» Task objective
Once the pictures are removed, output the remaining entries exactly as given.

(Image-text web data)

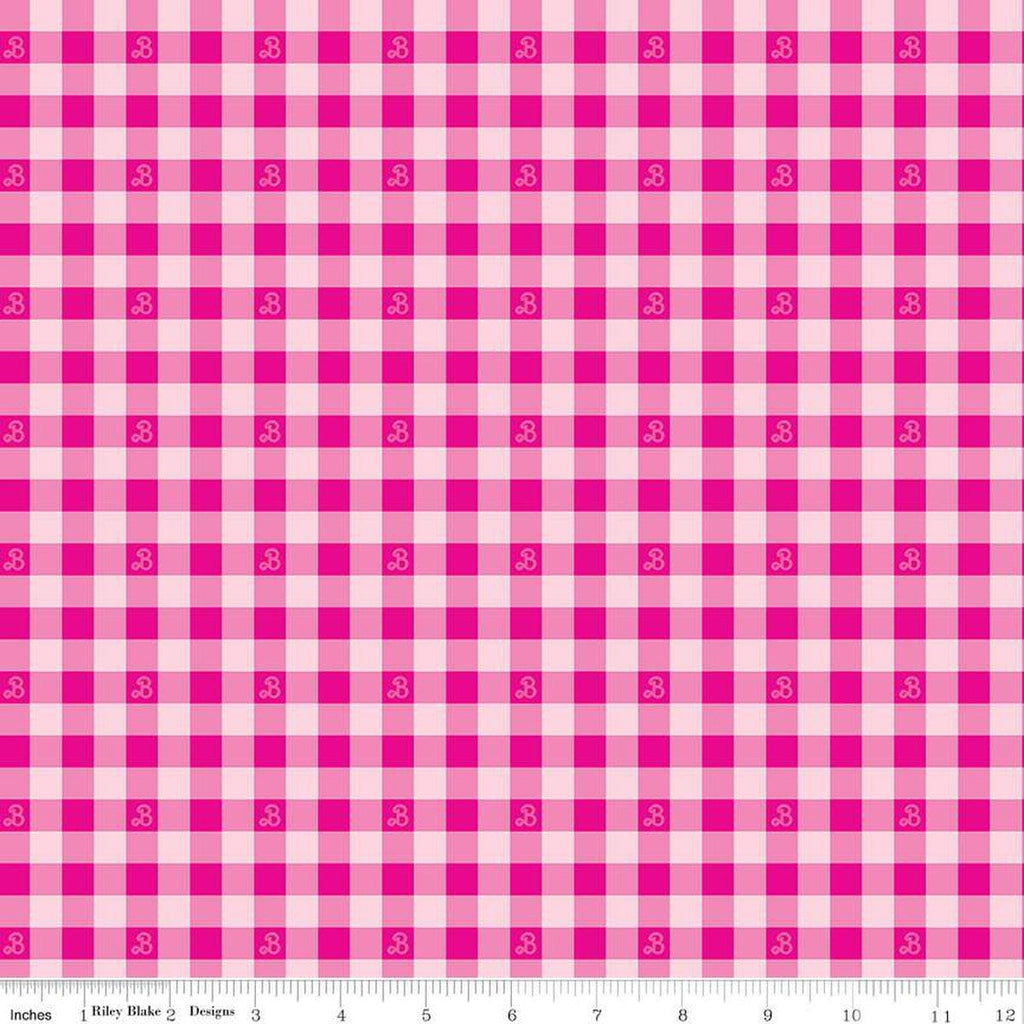 Barbie World Barbie PRINTED Gingham CD15024 Hot Pink - Official Licensed Product - Doll Logo Checks Check - Quilting Cotton Fabric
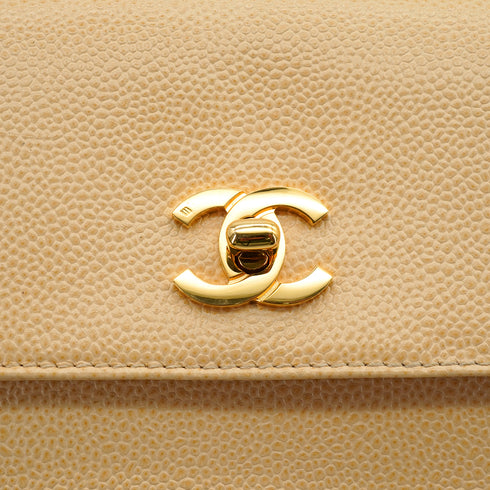 VINTAGE CHANEL CHAIN SHOULDER BAG BEIGE CAVIAR SKIN GOLD HARDWARE 90343933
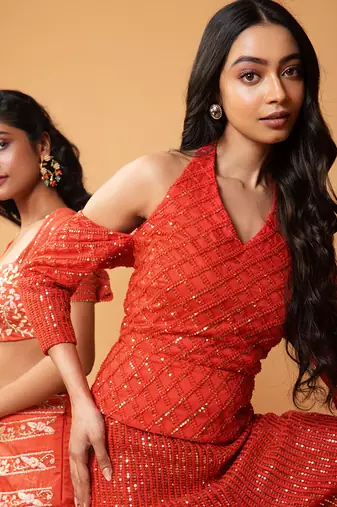 Red Sequined Haulterneck, Offshoulder Sharara Set.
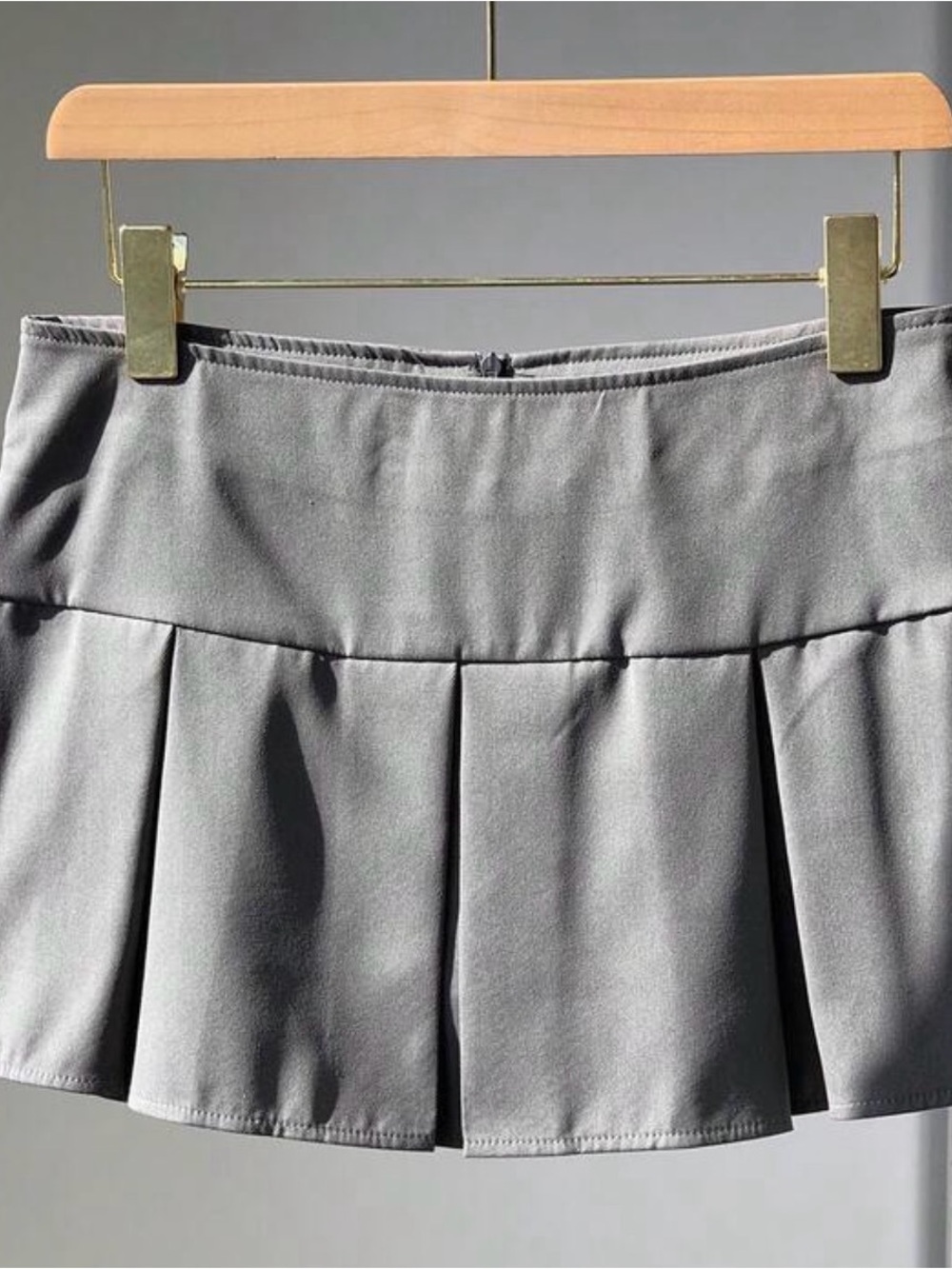 SHEIN Silver Gray Pleated Mini Skirt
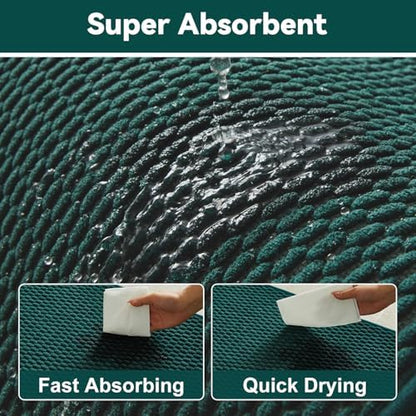 Triohero Bathroom Rugs Non Slip Washable, Super Absorbent Thin Bath Mat Quick Dry Low Pile Bathroom Rug, Dark Green 24"x36"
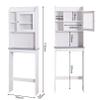 Fabsmurd Over The Toilet Bathroom Cabinet Organizer with Door Freestanding Wooden Space-Saving Heavy Duty Corner Shelf Multifunctional Storage Toilet Rack Bathroom Furniture (White) view 2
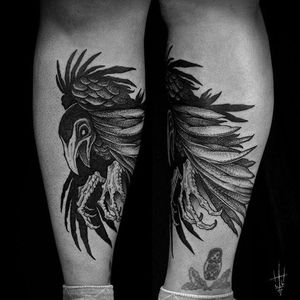 Deathly bird tattoo by Sergei Titukh. #SergeiTitukh #blackwork #creepy #nightmare #creature #spooky #dark #monster #bird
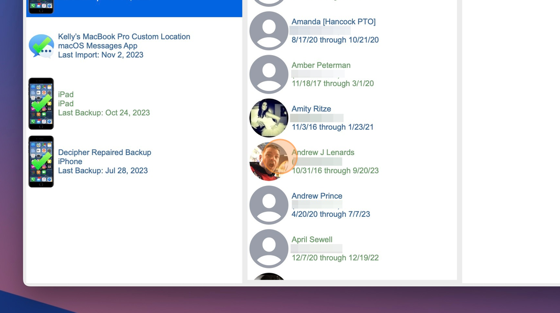 Click on the contact you want to print text messages from in the center column of Decipher TextMessage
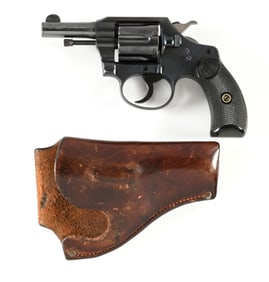(C) COLT POCKET POSITIVE .32 POLICE DOUBLE ACTION REVOLVER WITH HOLSTER.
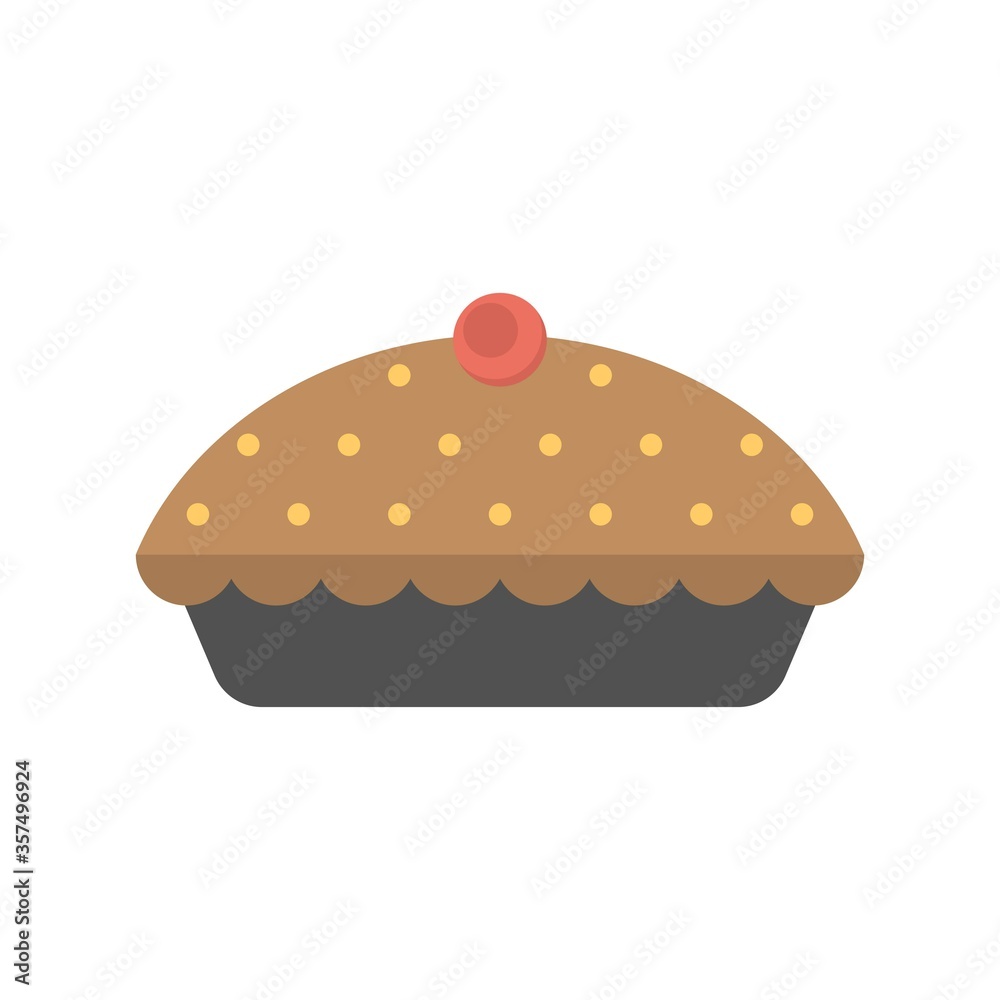 Cake with cherry on top. Muffin, dessert symbol. Cake with cherry on top. Muffin, dessert symbol.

» Result of the exercise
 Barbie World Barbie PRINTED Gingham CD15024 Hot Pink - Official Licensed Product - Doll Logo Checks Check - Quilting Cotton Fabric
 VINTAGE CHANEL CHAIN SHOULDER BAG BEIGE CAVIAR SKIN GOLD HARDWARE 90343933
 Red Sequined Haulterneck, Offshoulder Sharara Set.
 SHEIN Silver Gray Pleated Mini Skirt
 Triohero Bathroom Rugs Non Slip Washable, Super Absorbent Thin Bath Mat Quick Dry Low Pile Bathroom Rug, Dark Green 24"x36"
 Fabsmurd Over The Toilet Bathroom Cabinet Organizer with Door Freestanding Wooden Space-Saving Heavy Duty Corner Shelf Multifunctional Storage Toilet Rack Bathroom Furniture (White) view 2
 Deathly bird tattoo by Sergei Titukh. #SergeiTitukh #blackwork #creepy #nightmare #creature #spooky #dark #monster #bird
 Click on the contact you want to print text messages from in the center column of Decipher TextMessage
(C) COLT POCKET POSITIVE .32 POLICE DOUBLE ACTION REVOLVER WITH HOLSTER.
 Cake with cherry on top. Muffin, dessert symbol. Cake with cherry on top. Muffin, dessert symbol.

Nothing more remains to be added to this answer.